_What is required_
In the listing below, which lines contain the string "membantu"? Copy them all.

_Records_
• • • •

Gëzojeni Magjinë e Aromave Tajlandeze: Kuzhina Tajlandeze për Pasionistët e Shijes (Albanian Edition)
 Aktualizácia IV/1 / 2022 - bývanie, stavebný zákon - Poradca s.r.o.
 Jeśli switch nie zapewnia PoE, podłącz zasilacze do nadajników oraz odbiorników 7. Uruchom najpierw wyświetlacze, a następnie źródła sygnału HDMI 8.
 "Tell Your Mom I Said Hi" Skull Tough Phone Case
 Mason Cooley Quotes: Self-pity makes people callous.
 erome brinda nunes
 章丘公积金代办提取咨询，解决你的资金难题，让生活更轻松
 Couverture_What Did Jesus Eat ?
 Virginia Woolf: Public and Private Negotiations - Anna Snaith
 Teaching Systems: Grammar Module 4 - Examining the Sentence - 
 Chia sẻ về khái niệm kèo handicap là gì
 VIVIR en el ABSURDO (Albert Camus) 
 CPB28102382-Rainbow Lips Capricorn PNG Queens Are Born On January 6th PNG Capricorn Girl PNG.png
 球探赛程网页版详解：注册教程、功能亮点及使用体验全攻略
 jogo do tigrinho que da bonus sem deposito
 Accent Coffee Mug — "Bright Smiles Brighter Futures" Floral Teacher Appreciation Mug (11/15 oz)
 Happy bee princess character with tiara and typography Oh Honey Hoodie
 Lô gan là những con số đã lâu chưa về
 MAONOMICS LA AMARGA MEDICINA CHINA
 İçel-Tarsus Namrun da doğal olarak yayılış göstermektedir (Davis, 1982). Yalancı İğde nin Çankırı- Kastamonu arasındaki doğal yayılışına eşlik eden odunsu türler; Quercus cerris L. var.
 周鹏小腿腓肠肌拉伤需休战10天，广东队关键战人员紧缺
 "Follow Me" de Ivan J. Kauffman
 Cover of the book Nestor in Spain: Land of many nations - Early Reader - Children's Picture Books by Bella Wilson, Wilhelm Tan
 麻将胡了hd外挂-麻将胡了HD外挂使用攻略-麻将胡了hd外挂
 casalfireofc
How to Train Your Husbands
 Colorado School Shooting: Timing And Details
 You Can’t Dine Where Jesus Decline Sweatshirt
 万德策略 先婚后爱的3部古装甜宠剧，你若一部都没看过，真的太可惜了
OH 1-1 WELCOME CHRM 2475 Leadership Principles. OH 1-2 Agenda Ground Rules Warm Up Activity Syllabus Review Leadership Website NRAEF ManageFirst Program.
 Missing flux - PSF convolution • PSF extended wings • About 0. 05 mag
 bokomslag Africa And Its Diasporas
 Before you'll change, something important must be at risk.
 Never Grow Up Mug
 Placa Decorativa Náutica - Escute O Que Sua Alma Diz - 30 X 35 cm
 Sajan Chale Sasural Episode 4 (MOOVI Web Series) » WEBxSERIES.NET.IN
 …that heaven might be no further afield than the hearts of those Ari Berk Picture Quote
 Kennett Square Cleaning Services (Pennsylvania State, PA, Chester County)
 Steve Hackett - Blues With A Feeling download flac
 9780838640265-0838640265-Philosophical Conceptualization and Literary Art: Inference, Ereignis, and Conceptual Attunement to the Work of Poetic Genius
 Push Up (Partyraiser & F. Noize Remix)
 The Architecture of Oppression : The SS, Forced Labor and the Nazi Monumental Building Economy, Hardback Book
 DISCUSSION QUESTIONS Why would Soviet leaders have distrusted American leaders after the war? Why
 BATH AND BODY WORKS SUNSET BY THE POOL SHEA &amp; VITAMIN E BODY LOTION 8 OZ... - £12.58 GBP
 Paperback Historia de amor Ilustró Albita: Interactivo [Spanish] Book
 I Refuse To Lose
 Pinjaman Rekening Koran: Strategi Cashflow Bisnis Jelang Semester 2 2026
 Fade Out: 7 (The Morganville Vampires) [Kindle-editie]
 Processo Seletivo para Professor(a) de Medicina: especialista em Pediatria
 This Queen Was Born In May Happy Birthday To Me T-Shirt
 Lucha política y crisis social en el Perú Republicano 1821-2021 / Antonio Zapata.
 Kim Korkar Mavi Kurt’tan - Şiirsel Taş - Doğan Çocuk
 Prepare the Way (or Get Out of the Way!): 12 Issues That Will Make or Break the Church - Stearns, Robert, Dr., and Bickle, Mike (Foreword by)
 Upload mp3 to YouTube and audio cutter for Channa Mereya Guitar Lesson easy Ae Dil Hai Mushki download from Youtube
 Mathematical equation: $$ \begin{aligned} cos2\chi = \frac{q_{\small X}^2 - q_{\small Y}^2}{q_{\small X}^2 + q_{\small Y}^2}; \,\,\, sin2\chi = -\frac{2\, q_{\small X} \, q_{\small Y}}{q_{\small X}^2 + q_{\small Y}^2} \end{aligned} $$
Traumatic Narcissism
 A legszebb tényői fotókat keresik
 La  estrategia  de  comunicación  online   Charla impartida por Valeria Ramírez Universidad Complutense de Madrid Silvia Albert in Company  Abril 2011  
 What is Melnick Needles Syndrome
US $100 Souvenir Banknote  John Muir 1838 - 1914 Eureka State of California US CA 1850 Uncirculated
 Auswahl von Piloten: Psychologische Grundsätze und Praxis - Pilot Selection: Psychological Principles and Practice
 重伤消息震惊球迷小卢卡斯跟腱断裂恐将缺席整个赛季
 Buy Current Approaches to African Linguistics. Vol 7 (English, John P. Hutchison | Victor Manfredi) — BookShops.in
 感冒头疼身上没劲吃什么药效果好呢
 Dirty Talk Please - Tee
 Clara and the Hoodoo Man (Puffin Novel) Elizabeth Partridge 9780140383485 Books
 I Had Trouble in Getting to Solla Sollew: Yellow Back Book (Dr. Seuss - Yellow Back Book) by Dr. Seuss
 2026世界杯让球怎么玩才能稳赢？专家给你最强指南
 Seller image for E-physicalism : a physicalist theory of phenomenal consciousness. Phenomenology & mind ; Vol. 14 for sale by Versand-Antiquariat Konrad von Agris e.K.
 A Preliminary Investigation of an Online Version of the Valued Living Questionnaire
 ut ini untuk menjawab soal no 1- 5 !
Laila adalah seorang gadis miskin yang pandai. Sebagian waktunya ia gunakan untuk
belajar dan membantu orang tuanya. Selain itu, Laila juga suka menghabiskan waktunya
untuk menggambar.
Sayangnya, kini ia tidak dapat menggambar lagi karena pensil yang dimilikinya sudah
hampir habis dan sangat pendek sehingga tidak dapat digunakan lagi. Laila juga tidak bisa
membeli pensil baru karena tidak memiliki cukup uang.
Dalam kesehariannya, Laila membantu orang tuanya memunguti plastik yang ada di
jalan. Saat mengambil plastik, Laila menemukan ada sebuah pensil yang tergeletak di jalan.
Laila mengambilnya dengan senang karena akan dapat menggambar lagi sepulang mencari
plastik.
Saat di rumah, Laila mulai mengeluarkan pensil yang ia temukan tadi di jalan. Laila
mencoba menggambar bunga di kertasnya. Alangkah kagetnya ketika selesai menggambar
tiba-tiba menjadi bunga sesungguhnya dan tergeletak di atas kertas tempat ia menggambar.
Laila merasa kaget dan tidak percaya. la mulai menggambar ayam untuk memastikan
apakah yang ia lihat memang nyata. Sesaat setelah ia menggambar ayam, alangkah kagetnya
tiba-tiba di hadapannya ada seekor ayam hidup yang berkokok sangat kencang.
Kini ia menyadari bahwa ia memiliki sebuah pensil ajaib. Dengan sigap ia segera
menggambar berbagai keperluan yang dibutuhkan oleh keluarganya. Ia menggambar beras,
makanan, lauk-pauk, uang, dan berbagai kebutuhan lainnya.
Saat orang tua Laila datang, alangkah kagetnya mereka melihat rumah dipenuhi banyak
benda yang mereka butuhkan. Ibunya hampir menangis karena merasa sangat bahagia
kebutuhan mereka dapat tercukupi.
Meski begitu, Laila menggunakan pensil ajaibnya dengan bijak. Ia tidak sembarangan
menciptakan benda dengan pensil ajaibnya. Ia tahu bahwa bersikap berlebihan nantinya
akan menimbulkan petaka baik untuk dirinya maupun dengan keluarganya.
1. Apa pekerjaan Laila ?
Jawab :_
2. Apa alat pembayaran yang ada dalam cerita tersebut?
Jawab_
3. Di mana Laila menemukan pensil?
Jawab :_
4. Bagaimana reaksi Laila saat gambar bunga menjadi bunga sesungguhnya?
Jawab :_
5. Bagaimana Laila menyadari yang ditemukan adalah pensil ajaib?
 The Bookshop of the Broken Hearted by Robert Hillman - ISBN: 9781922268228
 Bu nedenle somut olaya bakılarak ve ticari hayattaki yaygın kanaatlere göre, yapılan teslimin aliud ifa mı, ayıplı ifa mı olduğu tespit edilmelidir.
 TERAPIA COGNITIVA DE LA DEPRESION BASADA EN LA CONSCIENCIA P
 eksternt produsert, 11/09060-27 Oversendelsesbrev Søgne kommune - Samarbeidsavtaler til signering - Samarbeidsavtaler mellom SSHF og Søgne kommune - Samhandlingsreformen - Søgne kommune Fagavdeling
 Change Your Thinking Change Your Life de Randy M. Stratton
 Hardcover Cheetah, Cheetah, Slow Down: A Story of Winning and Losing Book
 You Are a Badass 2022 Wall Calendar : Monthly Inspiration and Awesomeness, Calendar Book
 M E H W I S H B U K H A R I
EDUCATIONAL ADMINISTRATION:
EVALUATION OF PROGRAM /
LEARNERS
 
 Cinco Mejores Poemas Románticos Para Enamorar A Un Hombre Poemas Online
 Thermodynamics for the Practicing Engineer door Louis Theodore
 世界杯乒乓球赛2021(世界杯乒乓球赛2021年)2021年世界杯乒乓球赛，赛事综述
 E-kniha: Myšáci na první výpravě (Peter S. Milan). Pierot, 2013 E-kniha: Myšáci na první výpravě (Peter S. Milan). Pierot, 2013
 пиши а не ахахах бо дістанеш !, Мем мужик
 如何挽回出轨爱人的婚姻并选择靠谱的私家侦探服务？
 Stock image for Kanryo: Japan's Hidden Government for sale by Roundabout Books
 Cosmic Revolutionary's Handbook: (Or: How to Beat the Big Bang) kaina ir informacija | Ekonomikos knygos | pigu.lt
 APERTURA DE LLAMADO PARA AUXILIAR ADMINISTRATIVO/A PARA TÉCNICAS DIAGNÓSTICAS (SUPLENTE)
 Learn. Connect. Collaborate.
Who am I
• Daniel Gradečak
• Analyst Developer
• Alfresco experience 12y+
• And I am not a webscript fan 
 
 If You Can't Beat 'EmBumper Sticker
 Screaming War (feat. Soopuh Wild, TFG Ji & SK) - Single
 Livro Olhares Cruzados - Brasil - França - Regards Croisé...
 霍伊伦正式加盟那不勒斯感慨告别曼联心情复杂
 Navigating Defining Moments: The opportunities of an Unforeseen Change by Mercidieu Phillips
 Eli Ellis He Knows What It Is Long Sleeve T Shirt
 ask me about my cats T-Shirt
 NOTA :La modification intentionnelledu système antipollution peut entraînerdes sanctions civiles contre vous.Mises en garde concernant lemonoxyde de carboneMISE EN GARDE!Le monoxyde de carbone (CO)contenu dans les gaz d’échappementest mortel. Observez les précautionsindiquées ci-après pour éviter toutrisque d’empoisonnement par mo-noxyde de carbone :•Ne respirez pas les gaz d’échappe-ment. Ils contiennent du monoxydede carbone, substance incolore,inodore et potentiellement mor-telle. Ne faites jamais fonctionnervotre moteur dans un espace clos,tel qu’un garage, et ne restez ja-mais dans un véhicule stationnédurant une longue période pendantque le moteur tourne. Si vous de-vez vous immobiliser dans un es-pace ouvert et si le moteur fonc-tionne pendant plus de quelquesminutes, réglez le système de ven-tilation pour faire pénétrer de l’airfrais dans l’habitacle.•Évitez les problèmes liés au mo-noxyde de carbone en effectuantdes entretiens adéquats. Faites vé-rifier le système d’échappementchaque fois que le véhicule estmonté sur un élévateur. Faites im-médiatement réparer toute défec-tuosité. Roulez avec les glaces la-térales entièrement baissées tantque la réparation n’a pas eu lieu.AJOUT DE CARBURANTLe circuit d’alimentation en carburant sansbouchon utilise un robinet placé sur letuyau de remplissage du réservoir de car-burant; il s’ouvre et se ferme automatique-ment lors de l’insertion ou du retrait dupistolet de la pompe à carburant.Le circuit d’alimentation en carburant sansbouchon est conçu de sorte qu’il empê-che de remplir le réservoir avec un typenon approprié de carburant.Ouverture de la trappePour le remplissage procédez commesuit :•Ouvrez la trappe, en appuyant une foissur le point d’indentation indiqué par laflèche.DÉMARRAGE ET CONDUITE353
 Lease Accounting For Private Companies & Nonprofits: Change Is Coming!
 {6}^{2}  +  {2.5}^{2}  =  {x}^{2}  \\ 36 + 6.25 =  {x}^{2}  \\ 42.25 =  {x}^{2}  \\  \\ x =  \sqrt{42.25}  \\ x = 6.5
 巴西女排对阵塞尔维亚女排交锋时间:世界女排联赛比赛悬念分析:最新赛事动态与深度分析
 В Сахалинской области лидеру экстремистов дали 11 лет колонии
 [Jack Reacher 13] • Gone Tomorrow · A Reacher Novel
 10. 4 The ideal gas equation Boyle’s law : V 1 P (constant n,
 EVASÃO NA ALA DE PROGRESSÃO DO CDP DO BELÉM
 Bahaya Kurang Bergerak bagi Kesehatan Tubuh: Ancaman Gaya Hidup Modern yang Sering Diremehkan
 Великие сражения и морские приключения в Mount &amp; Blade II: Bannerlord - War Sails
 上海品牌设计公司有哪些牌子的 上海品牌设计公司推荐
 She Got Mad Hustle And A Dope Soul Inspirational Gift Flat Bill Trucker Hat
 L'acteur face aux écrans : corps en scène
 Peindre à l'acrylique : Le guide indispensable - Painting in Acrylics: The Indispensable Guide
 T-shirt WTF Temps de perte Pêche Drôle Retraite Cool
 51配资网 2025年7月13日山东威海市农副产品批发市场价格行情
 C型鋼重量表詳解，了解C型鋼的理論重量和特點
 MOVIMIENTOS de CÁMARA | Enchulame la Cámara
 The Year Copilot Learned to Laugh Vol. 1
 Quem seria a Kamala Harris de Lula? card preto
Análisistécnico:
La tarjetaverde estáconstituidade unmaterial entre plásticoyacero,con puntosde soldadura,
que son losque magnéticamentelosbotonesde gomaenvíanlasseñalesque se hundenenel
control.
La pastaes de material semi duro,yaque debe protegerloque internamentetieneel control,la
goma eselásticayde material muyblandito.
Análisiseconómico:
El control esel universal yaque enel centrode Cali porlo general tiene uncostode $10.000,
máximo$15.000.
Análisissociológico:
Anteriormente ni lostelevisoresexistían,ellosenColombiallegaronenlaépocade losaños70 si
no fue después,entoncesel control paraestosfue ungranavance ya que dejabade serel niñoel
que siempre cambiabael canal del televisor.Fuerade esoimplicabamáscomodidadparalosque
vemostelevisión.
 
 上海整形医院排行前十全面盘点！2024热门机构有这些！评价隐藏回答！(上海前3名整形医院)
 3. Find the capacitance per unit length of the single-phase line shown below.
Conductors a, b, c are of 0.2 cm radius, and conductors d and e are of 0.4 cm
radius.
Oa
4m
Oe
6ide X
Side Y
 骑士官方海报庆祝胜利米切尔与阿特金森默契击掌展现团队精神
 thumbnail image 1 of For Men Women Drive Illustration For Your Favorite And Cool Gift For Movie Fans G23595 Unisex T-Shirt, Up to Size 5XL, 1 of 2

• • • •

_Answer to this problem_
belajar dan membantu orang tuanya. Selain itu, Laila juga suka menghabiskan waktunya
Dalam kesehariannya, Laila membantu orang tuanya memunguti plastik yang ada di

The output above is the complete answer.